VIRGINIA BEACH, Va. - It's a link between legends.
"These two men cared about each other," explained Derrick Jones.
More than two decades ago, Jones - a local Negro Leagues baseball historian - began researching the relationship between Jackie Robinson and Dr. Martin Luther King Junior. His specific focus is letters written between the two.
Jones' deep dive began after discovering a photo taken at Howard University in 1957. It shows Dr. King, the civil rights icon, and Robinson - who integrated Major League Baseball, receiving honorary degrees from the Washington DC institution.
"The Lord took care of them crossing paths, it was in their spirit to help," Jones pointed out.

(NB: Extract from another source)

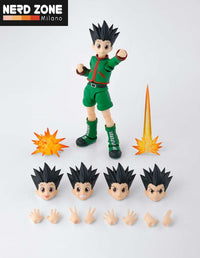 BANDAI - SH FIGUARTS Hunter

Jones, who shares his study with area children - like the presentation we joined at D-Bat in Virginia Beach, says even though King and Robinson were affiliated with different civil rights organizations, their mission was the same: a non-violent pursuit of peace and racial equality. Through those causes, a relationship was forged - and it was a bond that lasted until Dr. King's assassination in 1968.

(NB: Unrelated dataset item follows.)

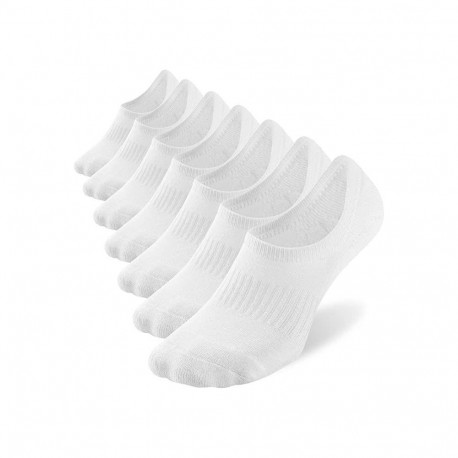 meeste valged lühikesed sokid 43-46 10 tk pakk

"We'll never know the brevity of the efforts those men would've contributed to this country," Jones revealed. "They set the template for us to say: this is the direction to work hard and be caring individuals."

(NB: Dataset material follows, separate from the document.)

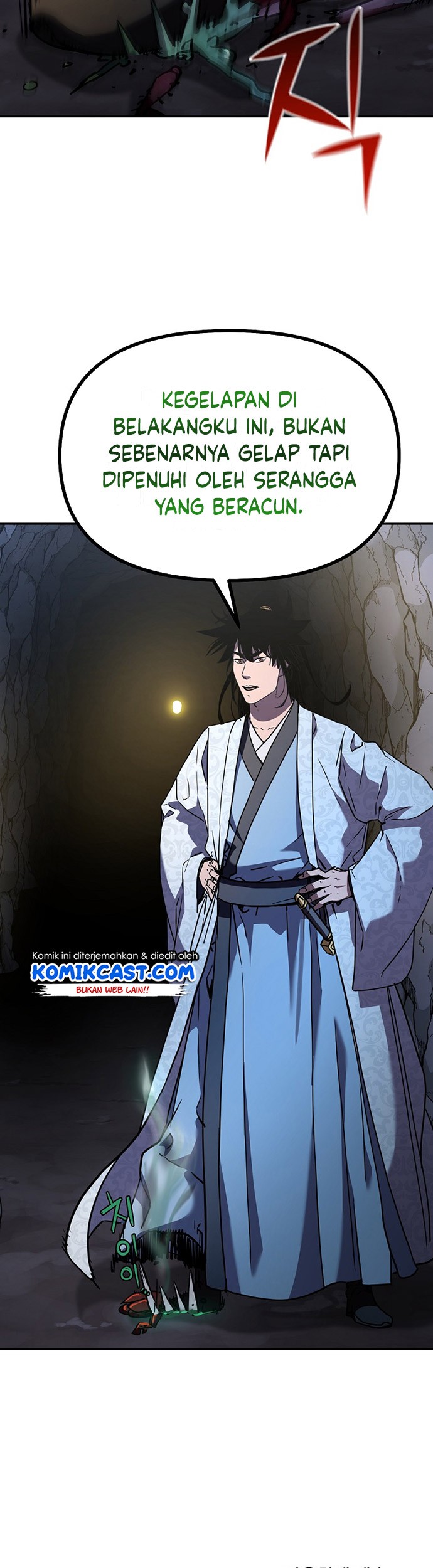 Reincarnation of the Murim Clan’s Former Ranker Chapter 40 Gambar 66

We asked Jones how Robinson and Dr. King feel would feel upon seeing sports today, as athletes and coaches refuse to keep social justice issues on the bench.
"They worked for the good of the cause," Jones noted. "We have a lot of work to be done, and you have to work for it. No one is going to give you anything - you have to go work for it. "Until we have a better understanding of each other, we'll never understand each other."
And an understanding of the connection between Dr. Martin Luther King Junior and Jackie Robinson provides additional perspective on two men already viewed as titans in American history.